The Fastest-Growing U.S. Cities: The Latest Numbers (Forbes) Hat tip to Reberta Kruse. Of the 15 fastest growing U.S. cities from July 2014 to June 2015, 9 are in the south (4 in Texas), 4 are in the southwest or on the west coast and the other 2 are Denver (arguably southwest) and metro New York City area.

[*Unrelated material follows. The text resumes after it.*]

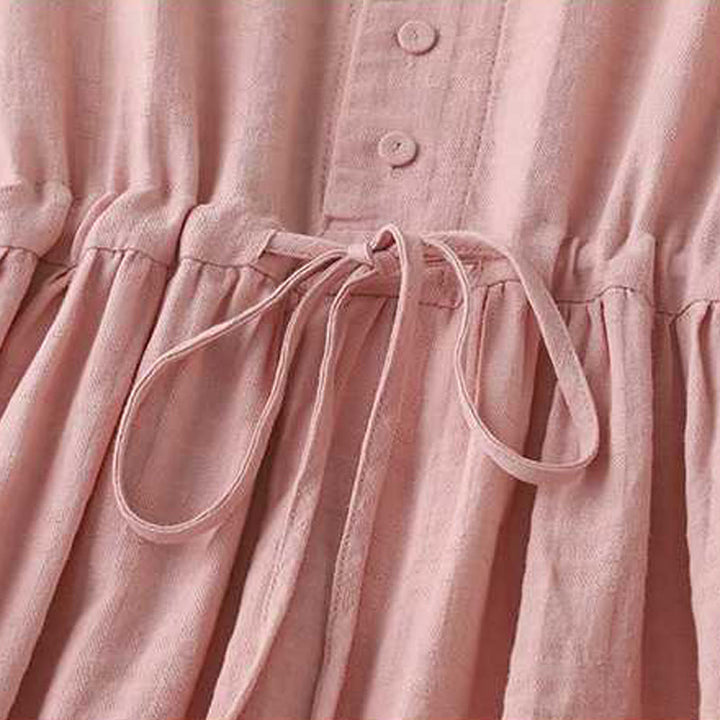 Sukienka midi z bawełny i lnu z długimi rękawami i kieszeniami, w jednolitym kolorze, ze ściągaczem i żabą - image 23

These are the 10 most and least expensive towns in Britain (City A.M.) Kensington and Chelsea has been named Britain's most expensive neighborhood, with an average price of £11,321 per square meter ($1,550 per square foot). Despite prices dropping 1% in the last year, the borough's per square meter average is still five times higher than the national average of £2,216, according to a report by Halifax. Meanwhile six of the 10 least expensive areas in Great Britain are outside England, the cheapest of them all being Airdrie in Scotland where average price per square meter stood at £1,019 ($92 per square foot)..
Outlaw Libyan Dollar Traders Thrive While Hiding in Plain Sight (Bloomberg) Amid the clothing and jewelry shops along an upmarket street in Benghazi is another kind of emporium. The wares on display: crisp U.S. dollar notes. In plain view of Libyan police and security forces, the stores are engaged in illegal foreign exchange. The dollars are brought into Libya using fake trade invoices.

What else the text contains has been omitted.